◆ Task brief: Print the listing again exactly, leaving nothing out.

——————

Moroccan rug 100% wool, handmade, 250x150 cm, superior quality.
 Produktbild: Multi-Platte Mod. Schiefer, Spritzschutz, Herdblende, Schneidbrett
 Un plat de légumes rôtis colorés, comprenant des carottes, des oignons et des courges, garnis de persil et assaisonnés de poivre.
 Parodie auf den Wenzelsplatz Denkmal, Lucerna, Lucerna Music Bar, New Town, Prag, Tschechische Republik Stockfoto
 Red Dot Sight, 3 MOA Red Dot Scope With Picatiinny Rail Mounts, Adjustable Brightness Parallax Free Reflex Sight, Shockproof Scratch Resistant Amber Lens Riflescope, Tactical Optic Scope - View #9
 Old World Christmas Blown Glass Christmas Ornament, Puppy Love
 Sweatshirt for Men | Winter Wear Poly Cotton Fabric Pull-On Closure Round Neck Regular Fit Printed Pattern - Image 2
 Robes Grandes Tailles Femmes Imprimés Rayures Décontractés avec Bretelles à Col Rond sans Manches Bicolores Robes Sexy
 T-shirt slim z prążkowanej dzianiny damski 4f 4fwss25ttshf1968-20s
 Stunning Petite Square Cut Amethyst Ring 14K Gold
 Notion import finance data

——————

◆ Your solution:
Moroccan rug 100% wool, handmade, 250x150 cm, superior quality.
 Produktbild: Multi-Platte Mod. Schiefer, Spritzschutz, Herdblende, Schneidbrett
 Un plat de légumes rôtis colorés, comprenant des carottes, des oignons et des courges, garnis de persil et assaisonnés de poivre.
 Parodie auf den Wenzelsplatz Denkmal, Lucerna, Lucerna Music Bar, New Town, Prag, Tschechische Republik Stockfoto
 Red Dot Sight, 3 MOA Red Dot Scope With Picatiinny Rail Mounts, Adjustable Brightness Parallax Free Reflex Sight, Shockproof Scratch Resistant Amber Lens Riflescope, Tactical Optic Scope - View #9
 Old World Christmas Blown Glass Christmas Ornament, Puppy Love
 Sweatshirt for Men | Winter Wear Poly Cotton Fabric Pull-On Closure Round Neck Regular Fit Printed Pattern - Image 2
 Robes Grandes Tailles Femmes Imprimés Rayures Décontractés avec Bretelles à Col Rond sans Manches Bicolores Robes Sexy
 T-shirt slim z prążkowanej dzianiny damski 4f 4fwss25ttshf1968-20s
 Stunning Petite Square Cut Amethyst Ring 14K Gold
 Notion import finance data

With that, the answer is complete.